Written By: Jeff Winkle Creator of The Clean Mission initiative
The city of Chicago was my only real exposure to urban landscapes growing up. Between April and October, my family would make the 30 mile drive into the city when we could because, during that time of year, the Windy City is a beautiful city. It may be an amazing place during the other months of the year as well, but nobody will ever know because they are inside by the fireplace with a cup of hot chocolate.
I never realized how relatively clean Chicago is until I started to travel to New York City and live in the Bay Area. I recently moved to the city of San Francisco and was struck almost immediately by the amount of garbage I saw on the streets. It made no sense to me. San Francisco is supposed to be one of the most environmentally-forward cities on earth and yet there are beer cans rolling around the sidewalks in most neighborhoods?! In my opinion, it is one of the most beautiful cities in the world—as long as you keep your eyes looking forward and up. You can find an incredibly diverse mix of cultures, amazing food, and gorgeous views yet you will likely be stepping over trash at times to fully experience SF.
But why? What is causing the immense amount of litter in tourist areas like Pier 39 as well as neighborhoods like SoMa or the Mission District? I started researching the biggest factors contributing to the state of cleanliness in San Francisco. What I found were unsurprising answers: very high population density, public policies enacted in the past that had unintended consequences, and garbage collection systems that incentive dumping garbage in public places. Maybe some citizens want to save the $100 they have to pay to Recology to collect their garbage every week. Maybe the money the homeless receive from trading in bottles encourages them to sort through trash cans, leaving a trail of litter in their wake.
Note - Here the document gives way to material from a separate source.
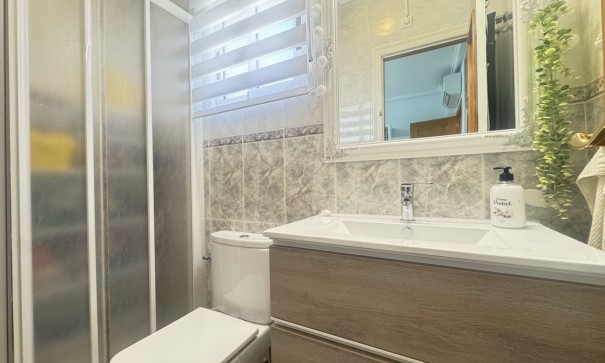 Videresalg - Fritliggende villa -
Villamartín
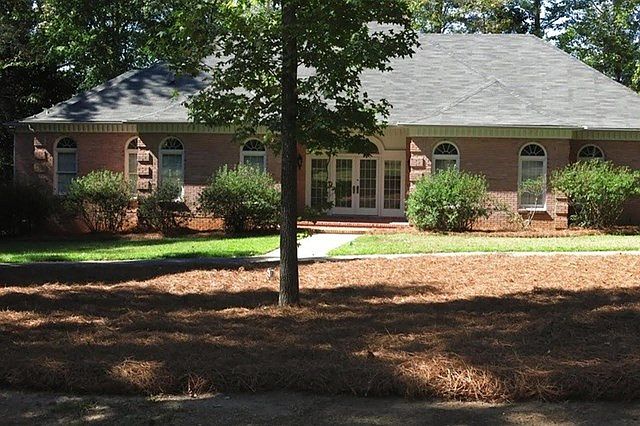 1st image of 727 Country Club Dr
None of these factors surprise me at all. So, maybe the question should be, “What is a city like Chicago with a similar population density doing right to prevent/fix the issues that are making the streets dirtier?” I have not found a straightforward answer to that question. In fact, there are a lot more questions that arise when searching for answers which have made me even more confused.
I reached a point where my conclusion was that I can either accept I won’t find answers to my questions and keep living my life, or just forget about what may be causing the problem and try to do something fix it.
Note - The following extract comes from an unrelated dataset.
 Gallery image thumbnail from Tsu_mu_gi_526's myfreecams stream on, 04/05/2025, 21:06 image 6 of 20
The wheels of The Clean Mission were soon set into motion and the initial excitement and support I received from the community was overwhelming. Tons of amazing people reached out to offer help in any way they could. “Are you artsy? I can help with designing a logo”, “I am your typical SF techie—let me help with the website”, “Please let me know when there is a cleanup event—I have been wanting to do something like this!”
The truth is, I think The Clean Mission tapped into a feeling inside of many citizens who feel like they want to do something to affect positive change in the world, but don’t know what they can do. This initiative offers a way for people of any age to take a little bit of spare time and turn it into an immediate, noticeable impact on the community around them. I will be working hard to allow The Clean Mission to continue to grow, but I know that it will only be because of people like you that long-term impact will be achieved.